万吉 「本当は隣の鶴七さんが好みだったようなんだけど、惚れられたとか…」


 その時、鰻が焼き上がってきた。


拮平 「来たか、待ってたぜ。さっ、食べよう」

万吉 「いっただきまーす」


 早速に焼き立ての鰻にかぶりつく。


仙吉 「うめえ!」

万吉 「酒もうめぇなあ」

拮平 「やっぱ、鰻は江戸前に限るわ。余所でも鰻食ったけど、水が違うと魚も違

   うんだね」

仙吉 「まあ、水が変わると腹壊すなんて言いますからね」

万吉 「この野郎、ごちそうになってんのに、そんなこと言うか」

仙吉 「こりゃ、どうも、すいません」

万吉 「本当にすいませんねえ」

拮平 「それで、そのお恭とか言う女中に、佐吉が惚れたとか」

仙吉 「いいえ、それはお恭さんがそう言ってるだけで」

万吉 「あの佐吉があんな女に惚れますかね」

仙吉 「まあ、そこら当たりのことは、お縫さんにでもお聞きになられた方が」

拮平 「ああ、お縫がいたな」

万吉 「それで、二人が所帯を持った後、ほら、六郷にまたあの妖怪が現れたって

   話、ご存知ですか」

拮平 「うん、知ってる」


 昔、多摩川のことを六郷と言った。今も六郷橋として残っている。また、日本には昔から、漂着動物の記録がある。最近はご無沙汰しているが、多摩川のタマちゃんである。また、当時はそれがアザラシと言う名の生き物であることを誰も知らない。かわら版に「六郷の妖怪現る」と取り上げられれば見物に行く。妖怪と言って、大人しくかわいい顔をしている。
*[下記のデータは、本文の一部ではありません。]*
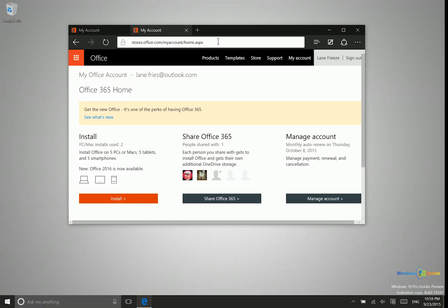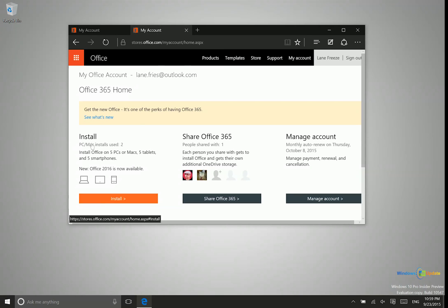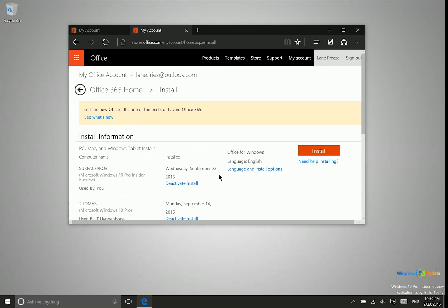Once you're on this page, all you have to do is go ahead and click on Install. After you click install, it's going to start downloading an install file. If it doesn't automatically start to run, you'll want to go ahead and open that file and then click Run.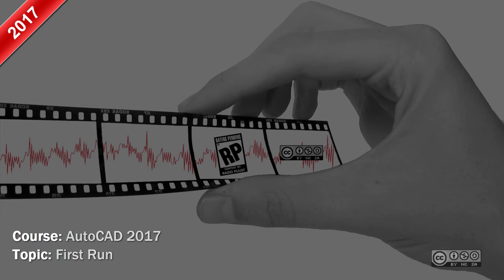Hello, I'm Raida Boost and in this video I will do a first run of AutoCAD 2017.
仙吉 「二年振りだったので、俺たちも見に行ったんですよ」

万吉 「ちょうど、真之介旦那も、それこそ、三浦の殿様たちから、近所の子供ま

   で引き連れての御一行様でしたよ。そんで、帰りに蕎麦ごちそうになったん

   ですけどね」

仙吉 「そん時に、あの佐吉もいたんですよ」

万吉 「それが、新婚だと言うのに、一人で」

拮平 「ふうん」

仙吉 「そんで、俺たちがどうして一人なんだとか聞いたんですよ。そしたら、お

   恭さんは六郷の妖怪は前に見たことある。そして、あれもこれも、そんなの

   見たことあるとか」

万吉 「でもさ、新婚の亭主が見に行こうと言えば、普通行きますよね」

仙吉 「ええ、何か、二番煎じとか言ってましたよね」

拮平 「へえ、何が二番煎じなのかねえ」

万吉 「まったくですよ。その後のことはあんまり知りやせんけど、つまるとこ

   ろ、最初っから、うまく行ってないってことじゃないすか」

仙吉 「それで、ゆすりまがいを?」

万吉 「まさかねえ」

仙吉 「いや、アリそう…」


 そんなこんなで、万吉仙吉と別れた翌日の夕刻近く、拮平はお縫を呼ぶ。お里はジョンの散歩に出かけたところだ。別に、お里に聞かれてまずい話でもないか、いない方が気楽と言うものだ。